The World Branding Forum is the organiser of the World Branding Awards, an international award presented to some of the best global and national brands for their work and achievements in branding. It is also the owner of the award's "Brand of the Year" logo, which is a registered trademark.

There are three tiers of awards: a Global Award is presented to international brands that have a presence in ten or more countries, on three or more continents, limited to the top 100 global brands in any particular year; a Regional Award is presented to brands who are top in several countries in a particular geographic region; and a National Award which is presented to the very top brands in participating countries at the awards. Brands who are global winners are not awarded again on a national level.

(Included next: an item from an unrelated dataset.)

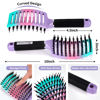 Picture of Hair Brushes for Women 2 Pack, HIPPIH Detangler Hair brush for Adult & Kids’ Wet or Dry Hair, Boar Bristle Hair Brush Getting Knots Out without Pain Adds Shine and Makes Hair Smooth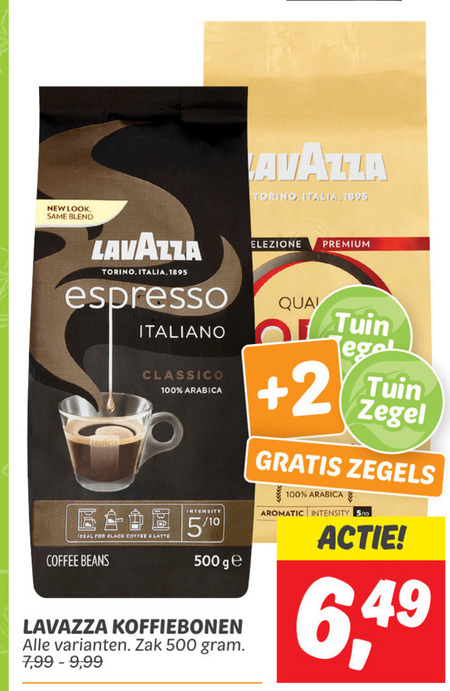 Lavazza   koffiebonen folder aanbieding bij  Dekamarkt - details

The awards trophy is on display at the Museum of Brands, Packaging & Advertising in London.

The first awards were held in both London and Paris, with the first ceremony taking place in the One Whitehall Place in London in 2014. The second ceremony took place at the Hilton Paris Opera.

The 2015, 2016 and 2017 award ceremonies were held in Kensington Palace in London. In 2017, an Animalis edition, which focused on pet and animal brands, was held at the Hofburg Palace in Vienna. The Americas edition, which included brands from the Americas and the Caribbean, was held in 2018 at The Plaza on Fifth Avenue in New York City.

==Media and partnerships==
The forum operates a newsroom, employing a team of writers who publishes industry news on its website. It is also an official media partner for various industry events including the Cannes Lions International Festival of Creativity, Real-Time Advertising Summit, the CMO Asia Summit, and CHARGE, an energy branding conference in Iceland.